**Exercise prompt**
Every line from the top of the records through the one bearing "A late Gustavian" is to be reproduced exactly, and pictures are to be left out.

────

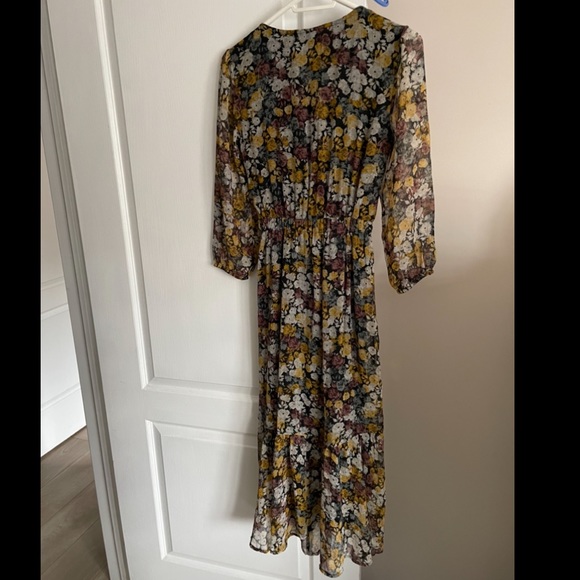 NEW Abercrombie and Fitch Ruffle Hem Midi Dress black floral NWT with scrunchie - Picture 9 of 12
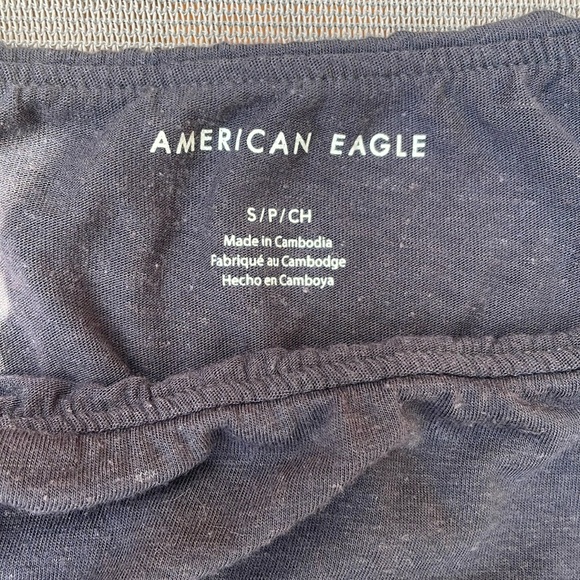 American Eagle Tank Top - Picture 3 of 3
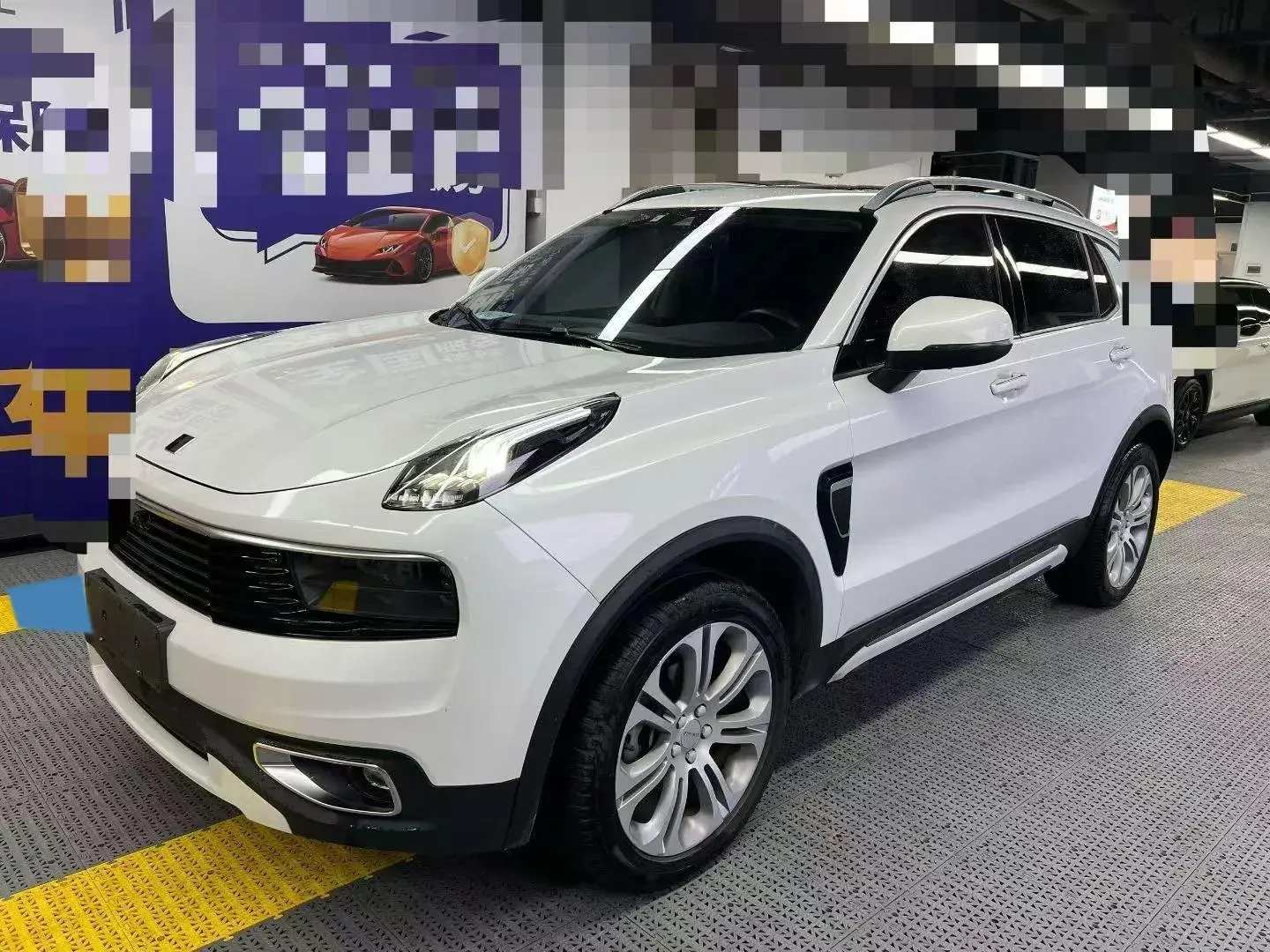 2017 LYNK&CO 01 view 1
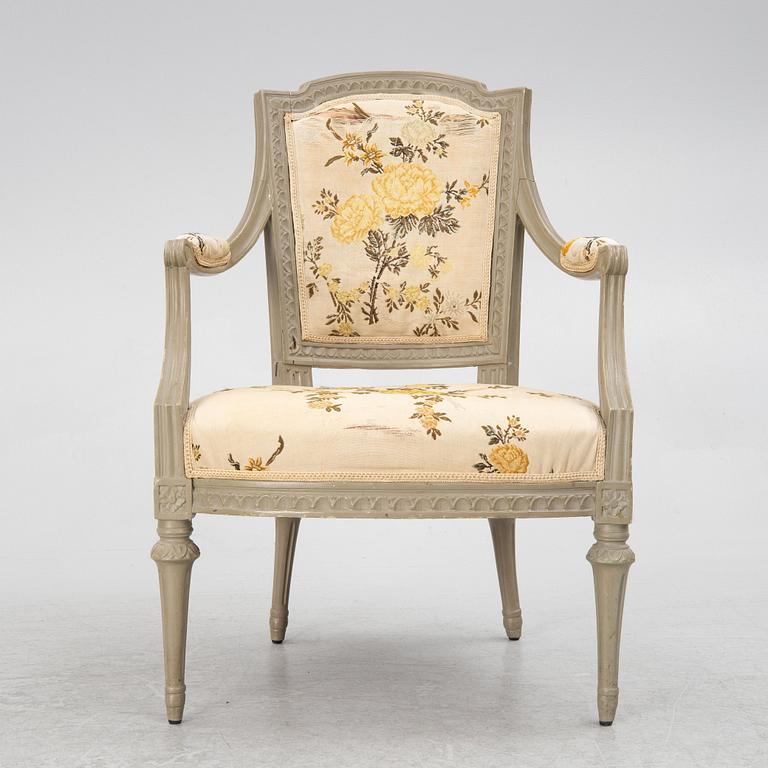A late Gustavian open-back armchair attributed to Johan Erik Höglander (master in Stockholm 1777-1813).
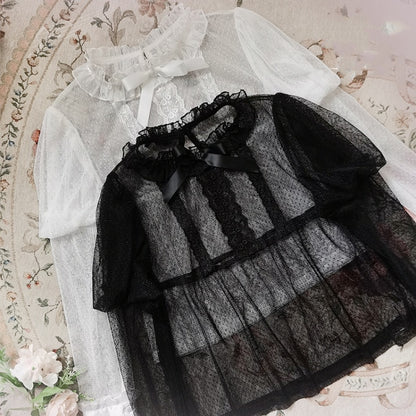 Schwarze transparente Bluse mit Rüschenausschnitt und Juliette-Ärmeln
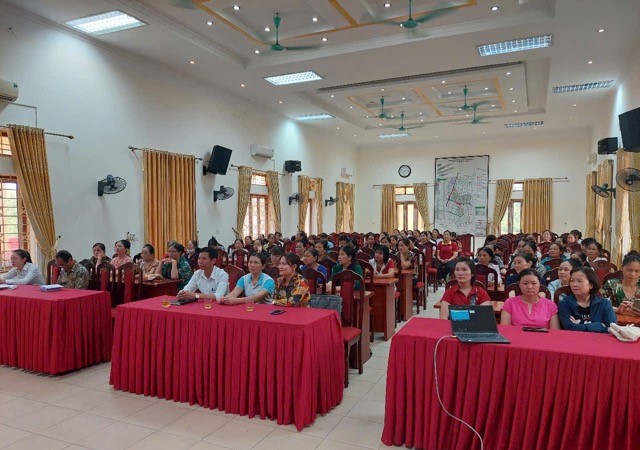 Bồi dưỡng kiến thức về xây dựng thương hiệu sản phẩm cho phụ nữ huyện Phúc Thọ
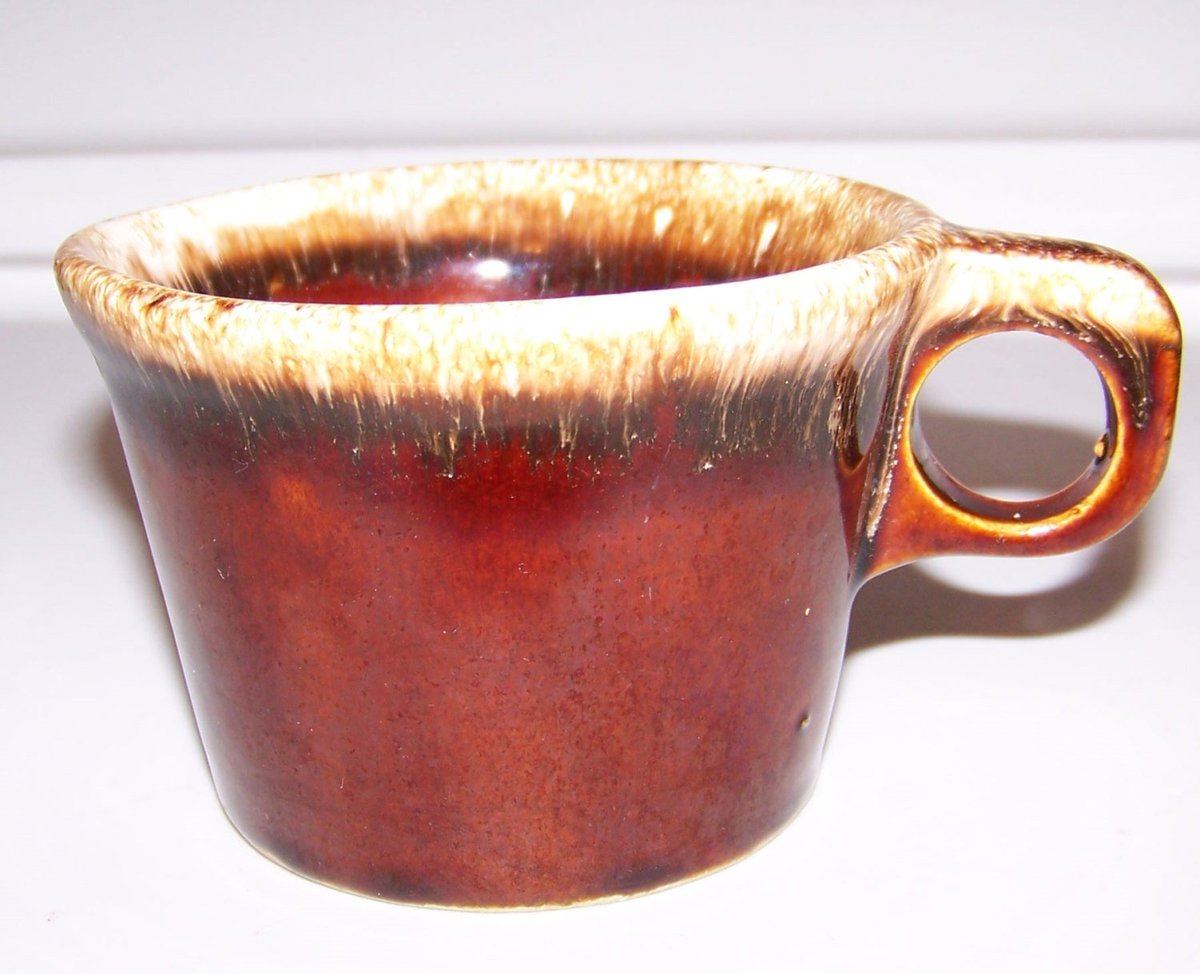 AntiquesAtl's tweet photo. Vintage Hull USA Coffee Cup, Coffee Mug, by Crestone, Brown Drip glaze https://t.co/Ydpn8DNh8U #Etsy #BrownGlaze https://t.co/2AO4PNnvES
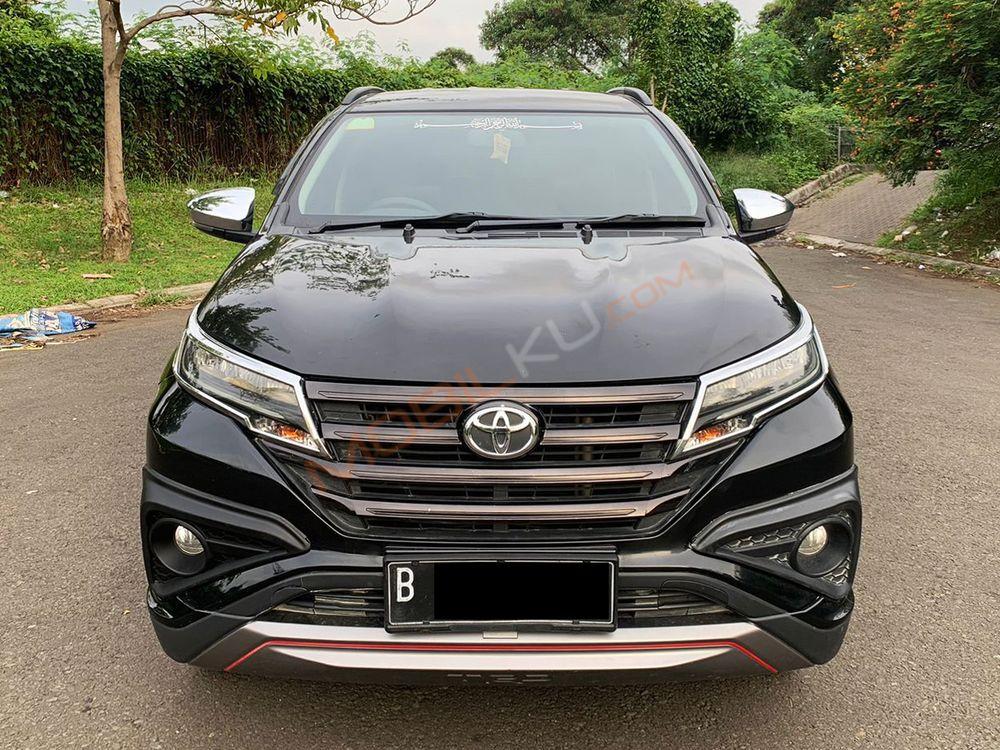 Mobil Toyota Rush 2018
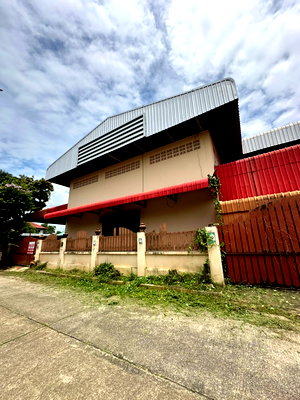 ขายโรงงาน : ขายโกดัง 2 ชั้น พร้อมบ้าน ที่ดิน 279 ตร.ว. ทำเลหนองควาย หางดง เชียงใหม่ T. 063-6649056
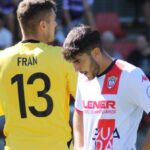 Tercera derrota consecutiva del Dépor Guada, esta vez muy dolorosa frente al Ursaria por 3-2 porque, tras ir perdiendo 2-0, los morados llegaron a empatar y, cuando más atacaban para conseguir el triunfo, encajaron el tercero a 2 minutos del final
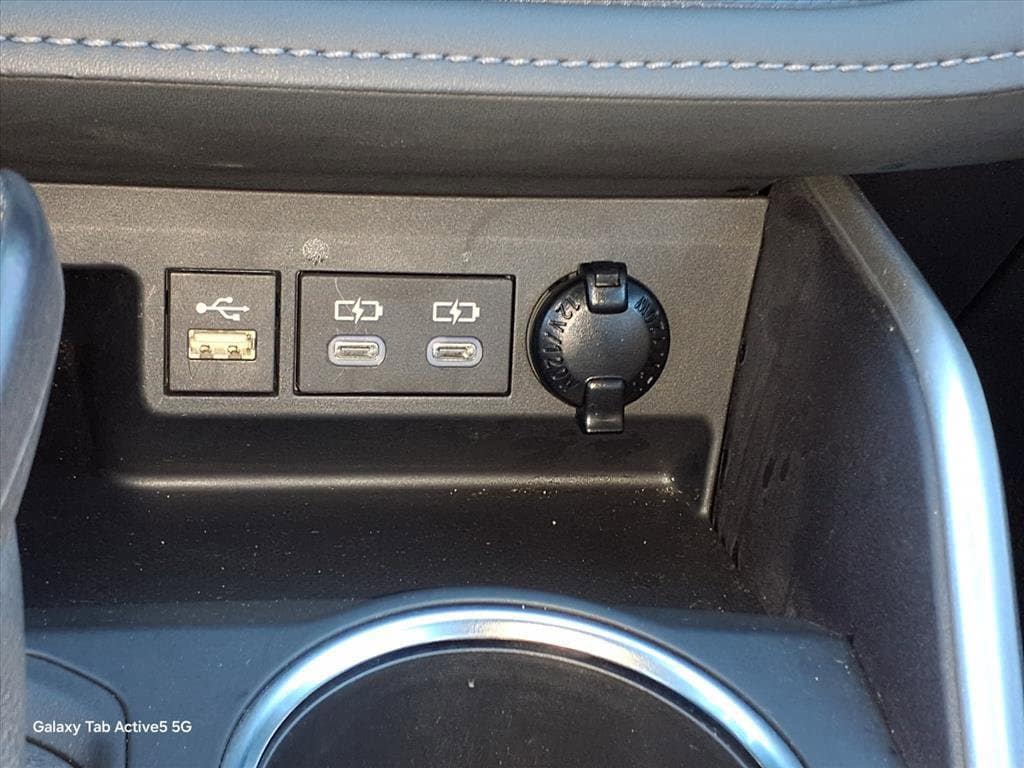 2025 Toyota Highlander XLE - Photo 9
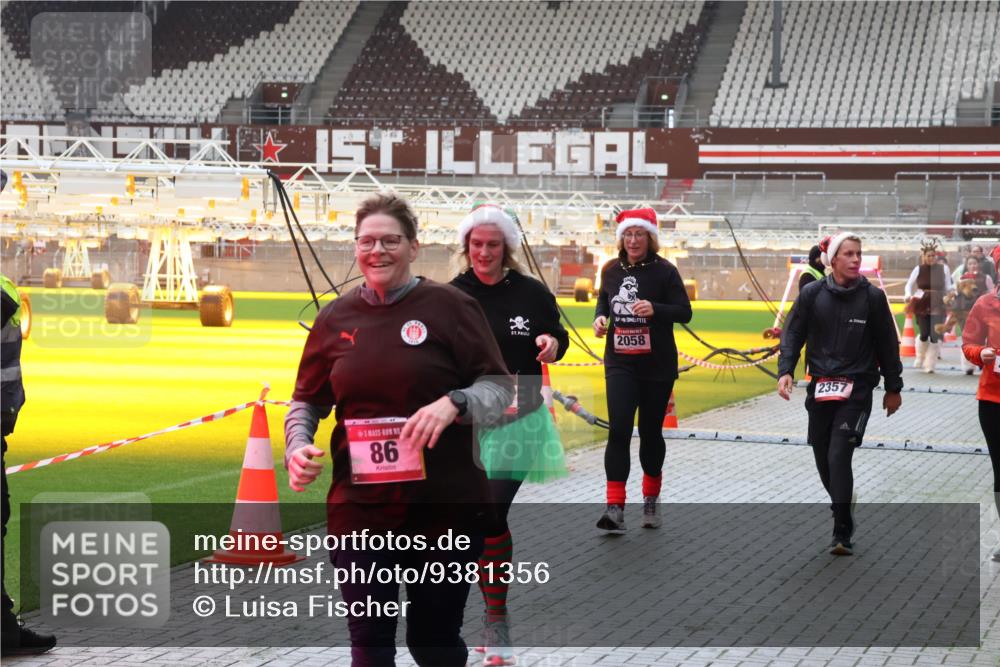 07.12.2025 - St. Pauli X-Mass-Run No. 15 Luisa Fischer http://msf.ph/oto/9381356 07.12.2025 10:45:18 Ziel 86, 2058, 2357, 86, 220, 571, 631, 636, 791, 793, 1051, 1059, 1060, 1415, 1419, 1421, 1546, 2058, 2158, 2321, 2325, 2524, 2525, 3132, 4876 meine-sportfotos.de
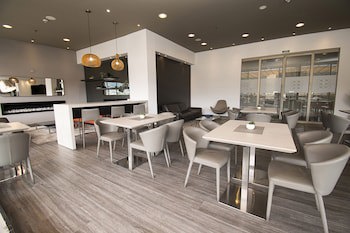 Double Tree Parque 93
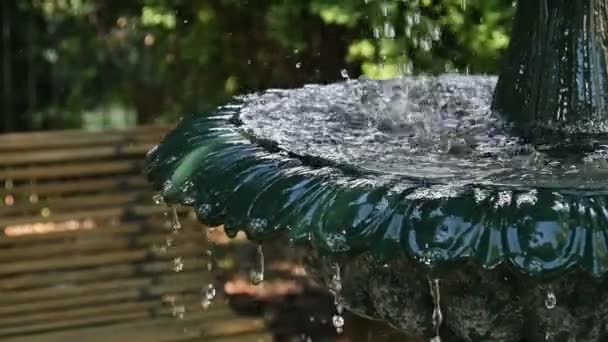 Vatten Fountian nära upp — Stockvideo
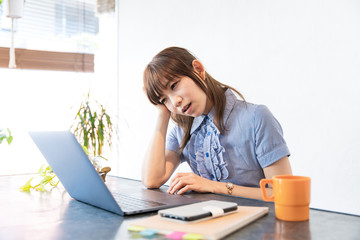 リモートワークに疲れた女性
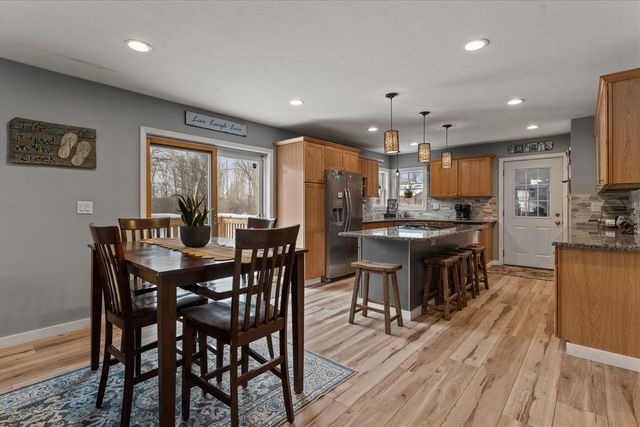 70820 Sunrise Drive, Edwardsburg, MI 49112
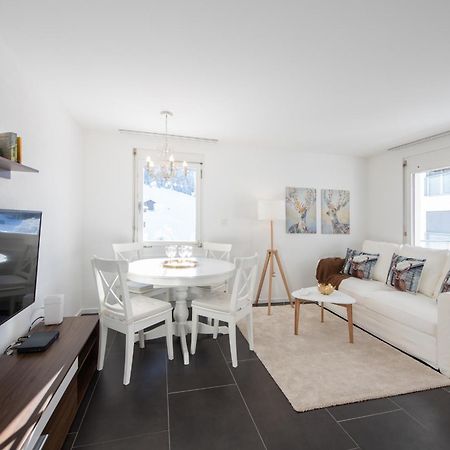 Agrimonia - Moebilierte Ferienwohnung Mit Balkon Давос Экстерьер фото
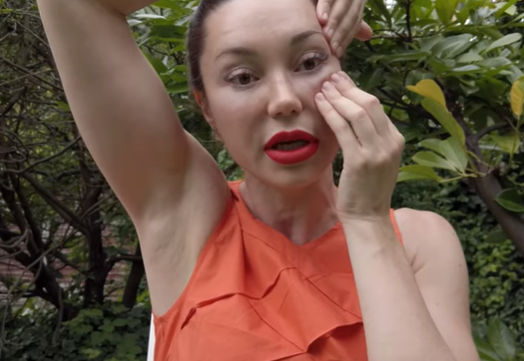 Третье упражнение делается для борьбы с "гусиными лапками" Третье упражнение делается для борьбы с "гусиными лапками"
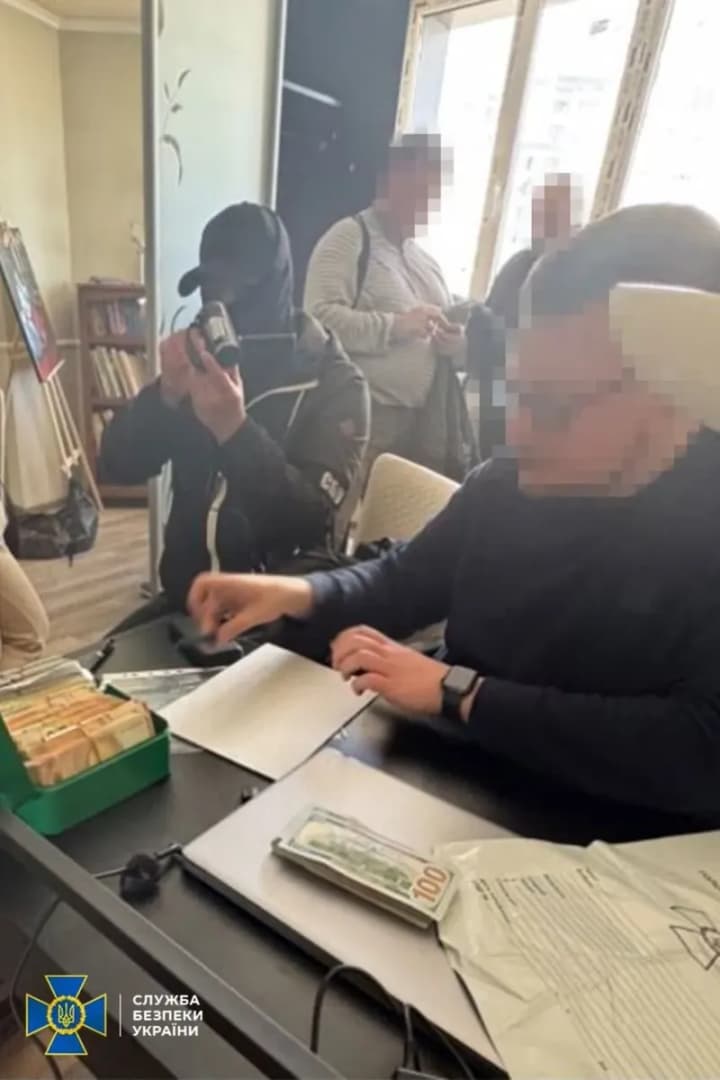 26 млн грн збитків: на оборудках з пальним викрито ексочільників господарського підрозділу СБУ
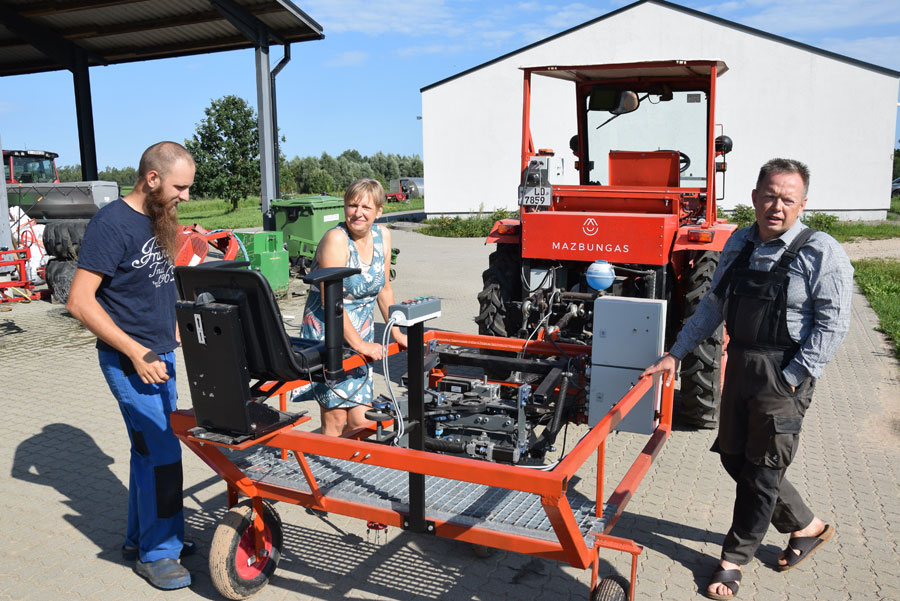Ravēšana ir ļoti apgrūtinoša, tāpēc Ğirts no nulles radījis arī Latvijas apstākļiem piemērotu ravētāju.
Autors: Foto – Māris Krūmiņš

────

**Solution**
 NEW Abercrombie and Fitch Ruffle Hem Midi Dress black floral NWT with scrunchie - Picture 9 of 12
 American Eagle Tank Top - Picture 3 of 3
 2017 LYNK&CO 01 view 1
A late Gustavian open-back armchair attributed to Johan Erik Höglander (master in Stockholm 1777-1813).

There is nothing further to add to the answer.